**WORK TO BE COMPLETED**
Every entry below has to appear again in your reply, word for word, but no picture may.

DATA FOR ANALYSIS Start Marker

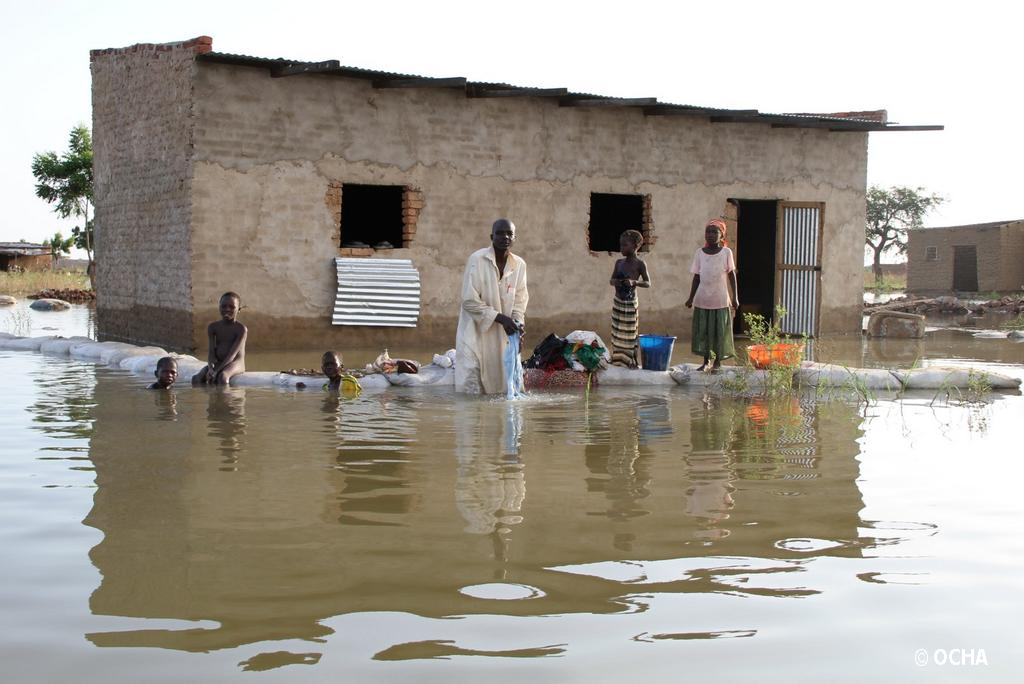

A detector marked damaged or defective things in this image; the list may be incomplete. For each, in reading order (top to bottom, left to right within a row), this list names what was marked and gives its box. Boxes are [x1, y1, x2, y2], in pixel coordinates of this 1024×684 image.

cracked mud wall [188, 62, 868, 350]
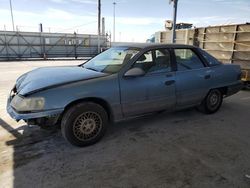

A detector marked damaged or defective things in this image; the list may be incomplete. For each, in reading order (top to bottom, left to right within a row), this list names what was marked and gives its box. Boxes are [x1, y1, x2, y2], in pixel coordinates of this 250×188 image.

damaged car [7, 44, 242, 147]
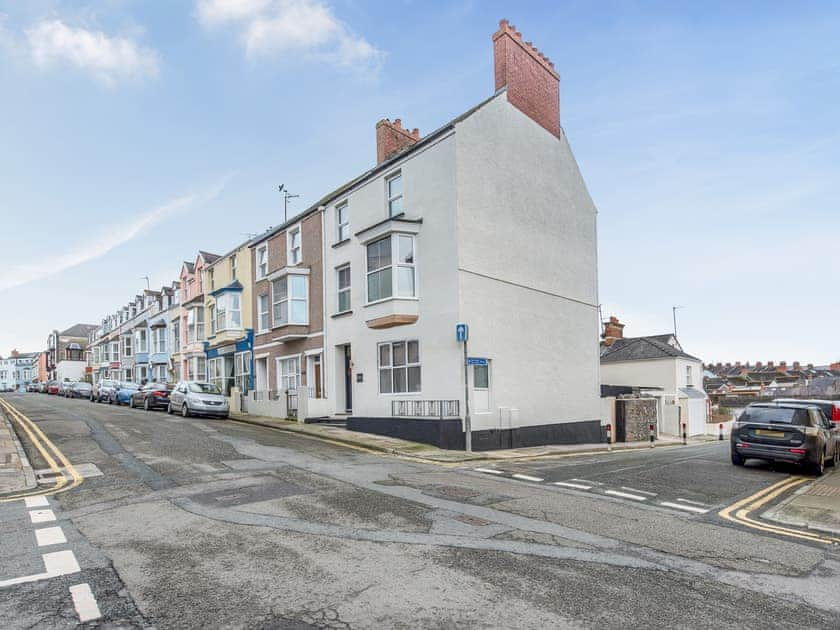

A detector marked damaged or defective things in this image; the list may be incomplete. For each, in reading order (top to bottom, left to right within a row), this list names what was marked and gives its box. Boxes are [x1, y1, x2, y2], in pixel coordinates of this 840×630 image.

cracked asphalt [1, 392, 840, 628]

DATA FOR ANALYSIS End Marker

**SOLUTION FOR THIS TASK**
A detector marked damaged or defective things in this image; the list may be incomplete. For each, in reading order (top to bottom, left to right within a row), this list names what was marked and gives its box. Boxes are [x1, y1, x2, y2], in pixel coordinates of this 1024×684 image.

cracked mud wall [188, 62, 868, 350]

A detector marked damaged or defective things in this image; the list may be incomplete. For each, in reading order (top to bottom, left to right within a row), this list names what was marked and gives its box. Boxes are [x1, y1, x2, y2], in pixel coordinates of this 250×188 image.

damaged car [7, 44, 242, 147]

A detector marked damaged or defective things in this image; the list may be incomplete. For each, in reading order (top to bottom, left to right within a row), this list names what was marked and gives its box. Boxes are [x1, y1, x2, y2], in pixel coordinates of this 840×630 image.

cracked asphalt [1, 392, 840, 628]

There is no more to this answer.